The NBD protocol has two phases: the handshake and the transmission. During the
handshake, a connection is established and an exported NBD device along other
protocol parameters are negotiated between the client and the server. After a
successful handshake, the client and the server proceed to the transmission
phase in which the export is read from and written to.

On the client side under Linux, the handshake is implemented in
userspace, while the transmission phase is implemented in kernel space.
To get from the handshake to the transmission phase, the client performs

    ioctl(nbd, NBD_SET_SOCK, sock)
    ioctl(nbd, NBD_DO_IT)

with `nbd` in the above being a file descriptor for an open `/dev/nbdX`
device node, and `sock` being the socket to the server. The second of
the above two calls does not return until the client disconnects.

Note that there are other `ioctl` calls available, that are used by the
client to communicate the options to the kernel which were negotiated
with the server during the handshake. This document does not describe
those.

### Handshake

The handshake is the first phase of the protocol. It's main purpose is to
provide means for both the client and the server to negotiate which export they
are going to use and how.

There are three versions of the negotiation. They are referred to as
"oldstyle", "newstyle", and "fixed newstyle" negotiation.
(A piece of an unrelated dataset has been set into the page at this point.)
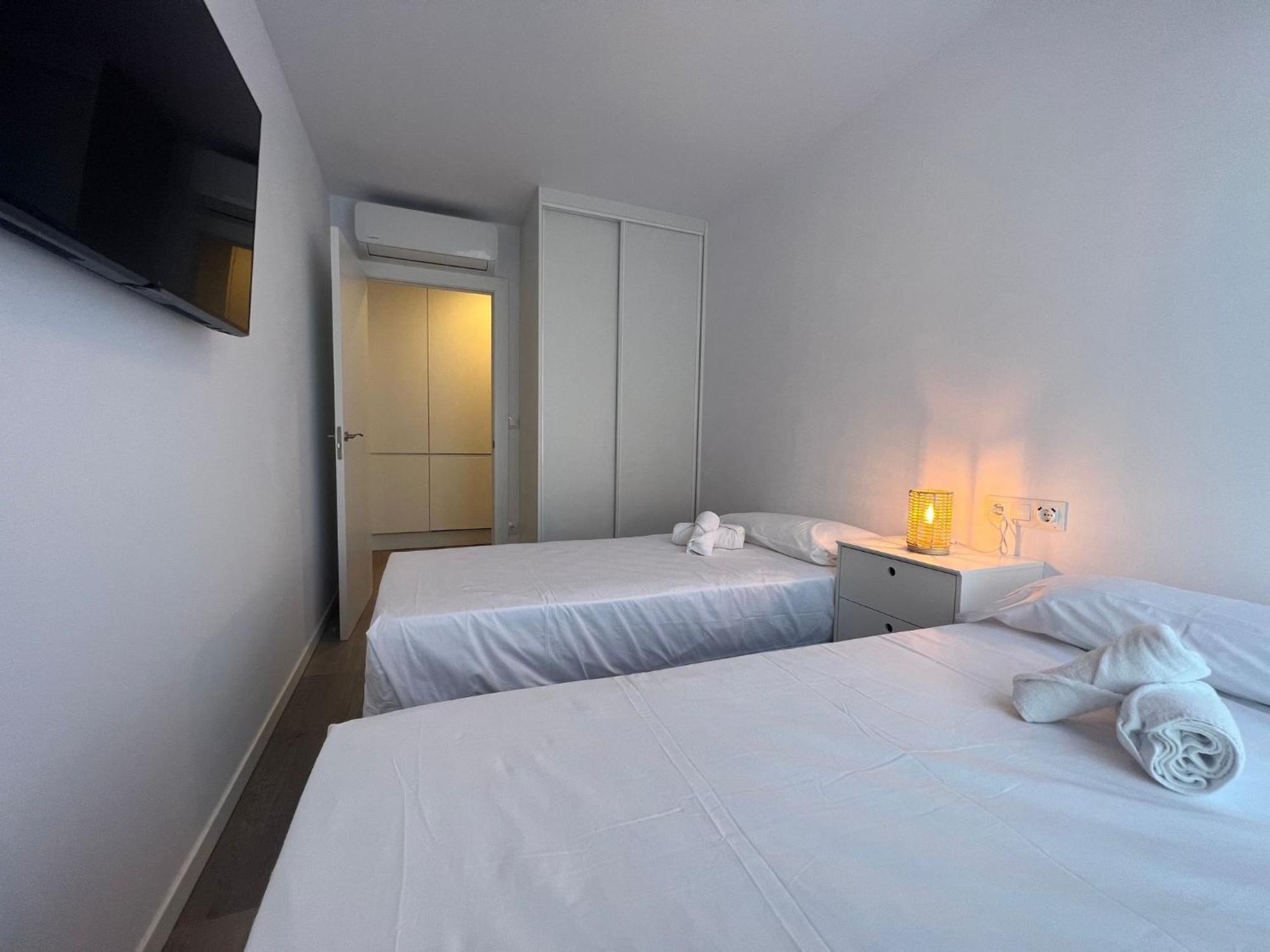 Apartamentos Aurea Pal 8 Y Gran Atenea Esperanto 5 Benidorm Eksteriør billede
Oldstyle was
the only version of the negotiation until nbd 2.9.16; newstyle was
introduced for nbd 2.9.17. A short while later, it was discovered that
newstyle was insufficiently structured to allow protocol options to be
added while retaining backwards compatibility. The minor changes
introduced to fix this problem are, where necessary, referred to as
"fixed newstyle" to differentiate from the original version of the
newstyle negotiation.

#### Oldstyle negotiation

S: 64 bits, `NBDMAGIC` (also known as the `INIT_PASSWD`)  
S: 64 bits, `0x00420281861253` (`cliserv_magic`, a magic number)  
S: 64 bits, size of the export in bytes (unsigned)  
S: 32 bits, flags  
S: 124 bytes, zeroes (reserved).

As can be seen, this isn't exactly a negotiation; it's just a matter of
the server sending a bunch of data to the client. If the client is
unhappy with what he receives, he should disconnect and not look back.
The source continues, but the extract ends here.